The declaration, which also offers protection to gay and transgender people, includes measures like creating a mobile app for victims to ask for help and report attacks.

Authorities will create a new programme to check in with women who have taken out restraining orders against abusers, and a new committee will be responsible for enforcing policies and proposing other measure. 

 

Plan to Put Harriet Tubman on the $20 Bill Put into Motion Again 

White House Press Secretary Jen Psaki announced that the Biden administration’s Treasury Department was restarting plans to put Harriet Tubman on the $20 bill as a replacement for former President Andrew Jackson, a notorious slave owner and architect of some of America’s most heinous policies toward Black and Native American people.
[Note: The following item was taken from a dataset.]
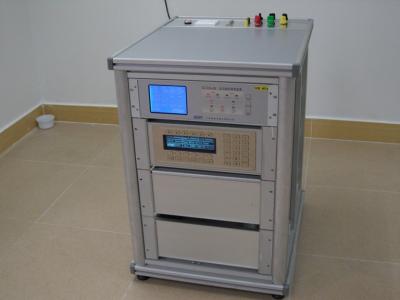 China Elektronischer Zähler 3-Phasen-Stromquellenvariable Frequenz angepasst zu verkaufen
Under former President Barack Obama, Treasury Secretary Jacob Lew pledged in 2016 to put Tubman on the $20 bill but former President Donald Trump had a deep admiration for Jackson and ordered Treasury Secretary Steven Mnuchin to stop the effort, according to The New York Times. 

Critics see the plan as a performative, pandering act of faux-activism to please adoring liberals while working toward little effective change. 

“The wealth gap between Black women and white men is 61 cents to a dollar, and to print money with a Black woman on it before closing that pay gap feels like a slap in the face”, writes Victoria Gagliardo-Silver.

CEO and President of the NAACP Derrick Johnson told CNBC that his organization supports legislation reintroduced by Rep. Sheila Jackson Lee (D-TX) to create a formal commission to explore reparation options for Black Americans

The legislation, H.R.40 has 147 Democratic co-sponsors in the House, and was originally introduced in January 2019. Republicans, however, have shown forceful opposition to the bill. Senate Minority Leader Mitch McConnell (R-KY) in 2019 said it was not a good idea to impose reparations “for something that happened 150 years ago, for whom none of us currently living are responsible.”

 

Indian Farmers Protest Agricultural Reforms 

Hundreds of thousands of farmers drove their tractors in convoy into the Indian capital as part of ongoing, nationwide protests against three farm laws that protesters say put their livelihoods at risk.

Many of the farmers, who had adorned their tractors with colorful flags, including the flag of India and various farmers unions, had been camping out in protest on the outskirts of the capital for more than two months.

Police placed a cap of 5,000 tractors to take part in the rally, according to Mishra. However more than 200,000 tractors were mobilized. 

The laws have been so contentious because agriculture is the primary source of livelihood for about 58% of India’s 1.3 billion population, and farmers have been arguing for years to get the minimum guaranteed prices increased. They are the biggest voter block in the country, making farming a central political issue.

India’s Supreme Court issued an order putting the three contentious farm laws on hold and ordered the formation of a four-member mediation committee to help the parties negotiate. But farmers’ leaders have rejected any court-appointed mediation committee.